I do cardio twice a week AM running or skipping. My day often involves alot of walking so i stay pretty lean.


----------



## robbyreflex (Sep 2, 2007)

15 mins 4-5 times a week after the gym (walking home). And jogging low tempo for 45 mins 1-2 times a week.


----------



## lukey (Dec 22, 2005)

its just habit with me, after each weights session (four per week) I do twenty minutes fast walking on a treadmill, not sure if it does me any benefit but its just a 'wind down' from the weights before i hit the shower


----------



## Guest (Sep 27, 2007)

I walk at average 1-2 hours per day keeps me feeling healthy and i dont have a car i have no choice lol.


----------



## tempbrit (Sep 27, 2007)

I do cardio at least 4 times a week year round. I am not into pure bulking. I never like to get above 12% bf. I basically always have a clean diet and do cardio religiously.

Always, stationary bike, treadmill, or eliptical. 40-45mins at THR.


----------



## stow (Jun 5, 2007)

I was just advised by my consultant to lose an inch of my waist, to help my liver values, so its cardio added in 3 times a week for me if I can. Swimming where possible, as its the only cardio I don't get utterly bored during.

Trying to roll back some of the negative effects of lifting weights for a decade and a half!


----------



## Bulk1 (Apr 12, 2007)

Doing Cardio consistently is when I started getting the best results...overall appearance wise. Cardio + Resistence training together are the no.1 way to get the fastest results and shape your body in my opinion.. they both go hand in hand. Missing out cardio because you think you will lose muscle is not the case.... but there may be a case for this your over doing cardio consistenly buring high amounts of cals is going to lose weight too fast.. i do think you have to do cardio every day but not go beyond a certain amount 30 - 40 mins max works for me and a slightly above medium tempo.
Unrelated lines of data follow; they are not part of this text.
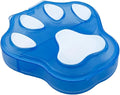 Pharmapet Paw Print Pill Reminder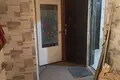 Квартира 1 комната 50 м² Ташкент, Узбекистан
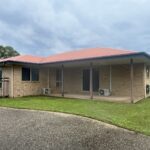 5 Chelsea Crescent, Glenella, QLD 4740 AUS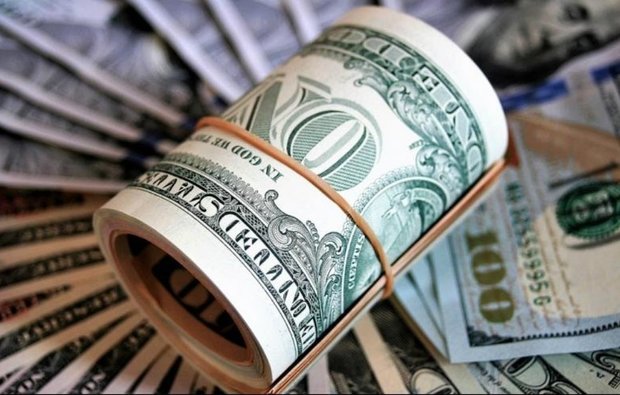 عدم توجه دولت به تأثیر مصوبات ارزی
I ticked the 'Cardio AM before breakfast' .... 30 mins. Not only is it the best time to reduce fat loss, but it gets it out the way and it kick starts your metabilsim for the day... but it is a bitch to do cardio! it would be easy to miss if your not motivated enough lol.. but gets results.


----------



## AussieMarc (Jun 13, 2004)

so where is the "i do cardio for recreational activities" box?

i don't do any pure cardio in the gym for the reason that I do too much outside the gym as it is.


----------



## Tall (Aug 14, 2007)

I can't vote as the voting options are too restricted.

I do 3/4miles each lunch time (so after meal 1) I may change to after meal 1 or after meal 6 on non workout days.


----------



## pikey (Nov 3, 2007)

I go year round every morning for an at least 40 mins, then pre contest up the intensity slightly in the morning and do an hour. with an additional 40 mins on the tread mill set at 6.5 and 15% incline, either before weekend workouts or late evening.


----------



## jodes (Nov 24, 2007)

Cardio all year round aft weights, 6 times per week, add mornings in and increase length and intensity before comp depending how on target i am.


----------



## mark1cabs (Dec 8, 2007)

cardio all year round that and a hell of a diet i just lost 7 stone!

3 times a day 40 mins each time just fast walking (im a smoker) so i do 8 miles in total plus walk the dogs

then i train 2 times a day on weights also


----------



## fgs5635 (Jan 15, 2008)

Where's the option for 'stay in bed and get fat' ?


----------



## ah24 (Jun 25, 2006)

No cardio for me usually

Even in my cutting phases, I simply do it all through diet. Unless I need to get it shifted a little quicker then I'll throw in some H.I.I.T 2-3 times a week and one low intensity

I know that this will change and as I get older the metabolism will start to slow down slightly....so I'm making the most of it now


----------